Senator Barack Obama has started a sustained and hard-hitting advertising campaign against Senator John McCain in states that will be vital this fall, painting Mr. McCain in a series of commercials as disconnected from the economic struggles of the middle class.

Mr. Obama has begun the drive with little fanfare, often eschewing the modern campaign technique of unveiling new spots for the news media before they run in an effort to win added (free) attention. Mr. Obama, whose candidacy has been built in part on a promise to transcend traditional politics, is running the negative commercials on local stations even as he runs generally positive spots nationally, during prime-time coverage of the Olympics.

Here’s two things worth saying about this.
(1) The ads aren’t actually very hard-hitting. Obama has run the whole campaign since Berlin at half-throttle. He’s still a few points ahead of McCain in most national polls, and well ahead (though his lead is shrinking) in electoral-college predictions. And if he keeps telling himself that, he’ll lose.

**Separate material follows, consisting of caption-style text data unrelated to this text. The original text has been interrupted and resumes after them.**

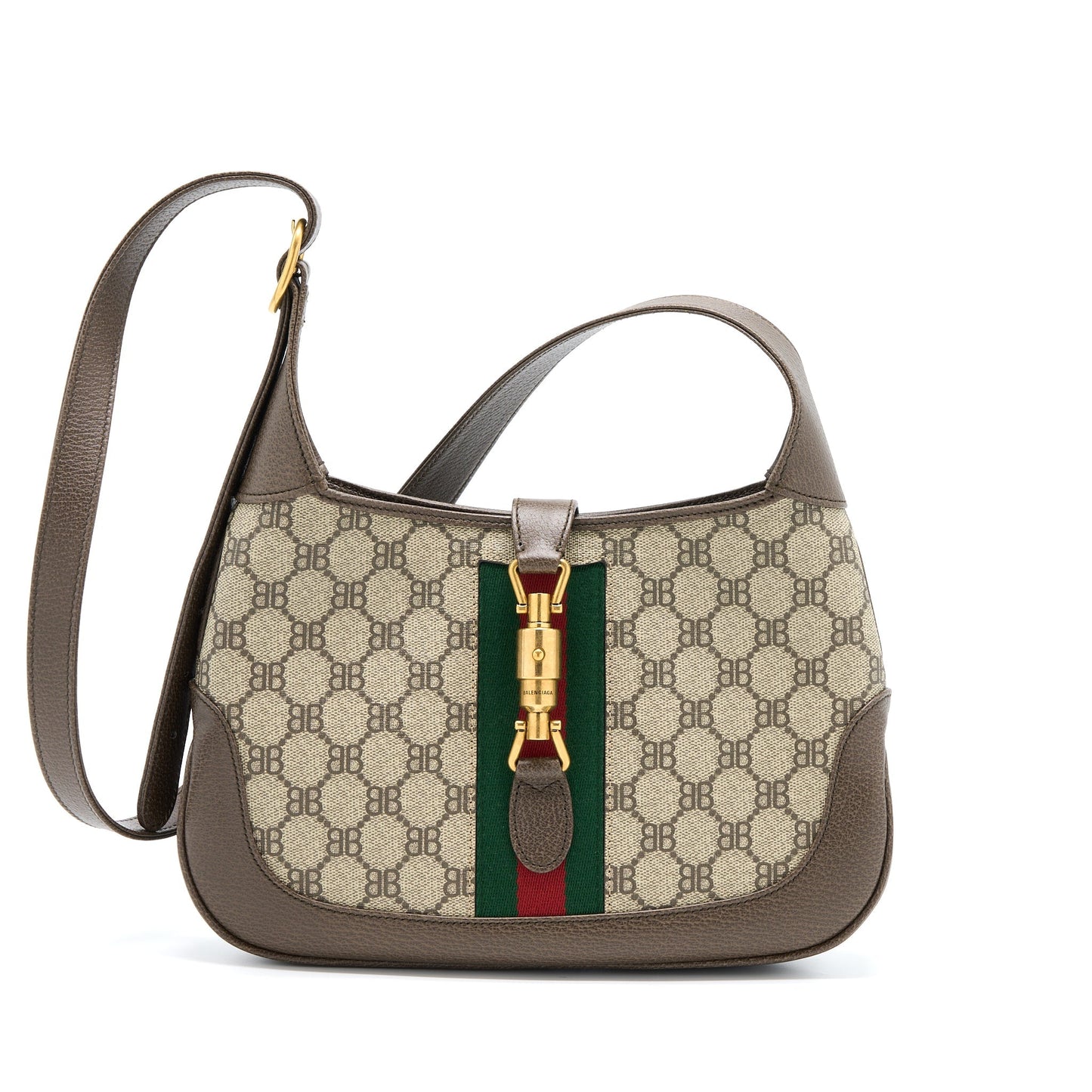 Gucci/Balenciaga Jackie Purse Supreme Canvas And Leather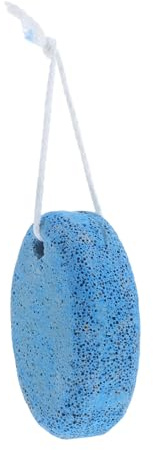 Piedra Pómez de Piedra Volcánica Azul Ovalada para Pies | Exfoliación y Eliminación de Piel Muerta, Reduce Callos y Durezas, Diseño Ergonómico para Uso Cómodo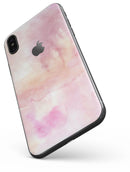 Pink 42 Absorbed Watercolor Texture - iPhone X Skin-Kit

(2) More germane to Canadian campaigns: This business of announcing ads without running them, or running ads without announcing them, has become common in this country in the past few election cycles and will certainly be more prevalent in the next campaign than before. This is a gentle note to my colleagues in other news organizations. It is folly to rely on political parties’ announcements of their ad strategies as the main source for our coverage of their ad strategies. They will free-ride off our coverage even as they hide their most substantial moves from us. Readers and viewers will compare the fairy tales we passively pass along to them against what they actually see on TV and hear on the radio, and they will tell themselves once again that we don’t know what we’re talking about.